I’ve decided to start a planted tank. I’ve wanted to get back into fishkeeping after being out for a couple of years. I had originally decided to try a reef tank, however after researching, I decided it would be far more work that I was prepared to commit to.

I stopped into AI last weekend and saw the planted tanks and thought they were stunning. I haven’t done planted before, so I’d love to give it a try.

I have a stainless steel table like you would find in a professional kitchen that is 36”x24”. It fits perfectly into the space I have set aside for the tank. I’m trying to decide if I should have a custom starfire made to those dimensions or just order the 36”x17.7”x17.7” tank and matching stand?? Would a planted tank benefit from the additional depth? I’m thinking it would. The drawback of the table is that the canister and CO2 will be visible beneath. The cabinet would look cleaner below the tank. Decisions, decisions...
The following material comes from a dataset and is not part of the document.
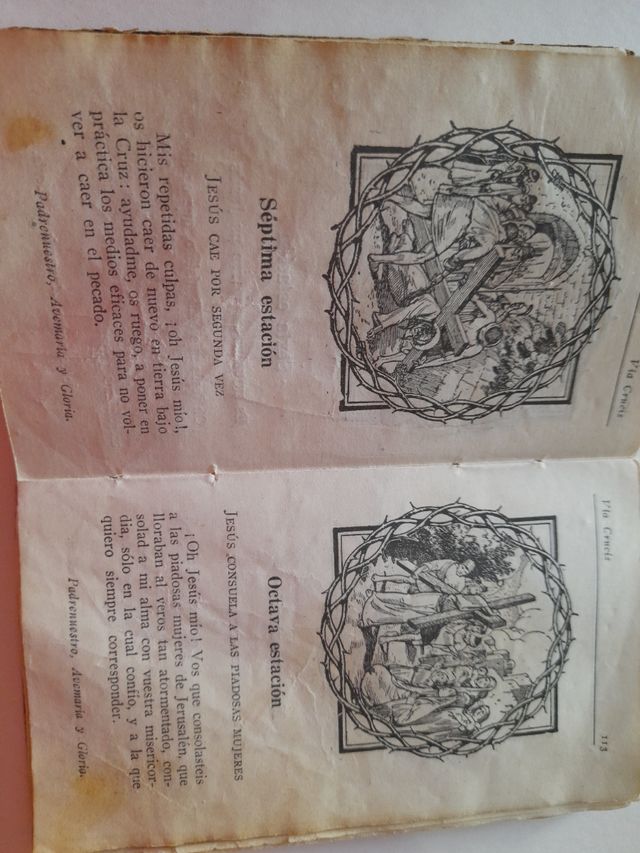 Vecchio messale per ragazze o.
I was planning on getting a CO2 canister with regulator, a bubble counter and one of their glass diffusers. I’ll stick with the glass intake and output attachments they have for the canister as well. Other purchases will be a testing kit, Pinpoint PH tester, probably the netlea soil, wood, plants and some rocks. Is there anything else I should get right away?

From what I have read, regular tap water is sufficient. Should I be using Prime to treat the water? Of course I’m expecting it to take 3 or 4 weeks to cycle before adding fish and shrimp.


----------



## dr3167 (Feb 18, 2011)

I think tank size is mostly a matter of preference. I currently have a tall tank, but I will eventually move to something shallow and long (landscape). One thing to consider with a tall tank is how far light reaches through water.

I'm still learning this stuff but I found that there are three main things to consider when planting an aquarium: lighting, C02, and ferts ( including substrate).

Lastly, use prime or other water conditioner to remove the chlorine from tap water. It's pretty important to remove that stuff with a planted tank not only for the fish/shrimps but for the plants as well.

I'm sure people here would love to see this progress in a tank journal thread.....something to think about.


----------